British journalist and publisher

Linda Riley is a British journalist, publisher, and LGBTIQ+ rights advocate. She is the publisher of DIVA magazine and founder of Lesbian Visibility Week. She is also the founder of the Rainbow Honours, British Diversity Awards, and European Diversity Awards.

==Career==
Riley began her career in publishing more than two decades ago as the joint publisher of g3 and Out in the City magazines. She transitioned into the diversity and inclusion space in the early 2010s, launching initiatives including the Global Diversity List, the European Diversity Awards, and the Pride Power List.

In 2016, she became the publisher of DIVA magazine, Europe’s leading publication for LGBTQIA women and nonbinary people. Under her leadership, DIVA has expanded its reach and representation to become a global platform for LGBTQIA visibility and advocacy.

Riley served as a board director of the U.S.-based LGBTQ+ media advocacy organization GLAAD from 2013 to 2019. She is a Patron of the LGBT homelessness charity Akt and anti-bullying charity Diversity Role Models, as well as a House of Stonewall Golden Champion for Stonewall Housing. In 2017, she was appointed as the UK Labour Party’s LGBT+ Diversity Lead by then-Shadow Secretary of State for Women and Equalities, Dawn Butler MP.

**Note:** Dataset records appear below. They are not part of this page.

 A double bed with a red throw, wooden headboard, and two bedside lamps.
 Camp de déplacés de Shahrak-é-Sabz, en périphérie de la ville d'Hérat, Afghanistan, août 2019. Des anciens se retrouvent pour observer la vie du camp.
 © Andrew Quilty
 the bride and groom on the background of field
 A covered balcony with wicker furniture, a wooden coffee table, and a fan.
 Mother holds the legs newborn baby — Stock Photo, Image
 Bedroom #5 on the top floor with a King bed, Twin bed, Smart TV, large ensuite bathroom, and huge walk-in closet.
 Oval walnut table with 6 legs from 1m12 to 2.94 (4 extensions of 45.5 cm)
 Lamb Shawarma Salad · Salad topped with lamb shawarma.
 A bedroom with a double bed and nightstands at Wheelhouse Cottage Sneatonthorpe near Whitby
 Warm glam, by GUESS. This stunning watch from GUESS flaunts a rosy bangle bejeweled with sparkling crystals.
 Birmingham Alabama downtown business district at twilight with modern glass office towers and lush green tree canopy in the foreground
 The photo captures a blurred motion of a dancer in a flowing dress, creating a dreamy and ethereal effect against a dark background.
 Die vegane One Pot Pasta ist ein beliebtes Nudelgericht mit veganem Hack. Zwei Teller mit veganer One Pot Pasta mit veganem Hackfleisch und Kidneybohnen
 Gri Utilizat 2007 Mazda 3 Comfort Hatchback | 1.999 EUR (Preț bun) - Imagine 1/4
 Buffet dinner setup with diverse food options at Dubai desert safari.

She was named Business Icon of the Year at the Icon Awards in 2017 and received a Stonewall Award in 2018. In 2021, she won the Trans Ally of the Year award at the Trans in the City Awards.

In 2024 a documentary film about Riley's life and activism was shown at the first DIVA Film Festival, hosted in collaboration with the Iris Prize. Originally titled Life of Riley, the film was renamed to Life Of Riley: Head Lesbian Of The World upon its acquisition by 5.

=== Lesbian Visibility Week and Advocacy ===

In 2020, Riley founded Lesbian Visibility Week, building on the earlier Lesbian Visibility Day to create a broader celebration of the lesbian identity. She has stated that a key motivation was the increasing marginalization of lesbians within the LGBTQ+ acronym, and a need to assert the visibility of both cis and trans lesbians.

Riley has emphasized that Lesbian Visibility Week is designed to celebrate all lesbians and show solidarity with all LGBTQIA women and nonbinary people. The campaign has since grown into an internationally recognized initiative, supported by organizations such as Stonewall, Mermaids, and Diversity Role Models. Each year, the week includes events, digital campaigns, and surveys such as the largest-ever report on LGBTQIA women's experiences.

=== Identity and Representation ===
Riley came out as a lesbian at the age of 15, an experience she has described as difficult due to her family’s lack of acceptance. She left home as a teenager and has spoken publicly about the challenges she faced, including being told that she would never marry or have children. She later reconciled with her family, who came to support her civil partnership and her role as a mother of two.

Though often described as butch due to her outward appearance, Riley does not self-identify with that label, instead identifying as a cisgender lesbian. She has commented on the underrepresentation of butch women in media.

She has strongly opposed anti-trans rhetoric within some segments of the lesbian community, particularly criticism of trans women. Riley has drawn parallels between the discrimination lesbians once faced and the marginalization now directed at trans people, advocating for a fully inclusive movement.

She has stated that advocacy should come from a place of education rather than confrontation and has urged others in the community to use their platforms to support inclusivity. Despite receiving abuse and threats for her views, she remains vocal in her support of LGBTQIA and especially trans rights.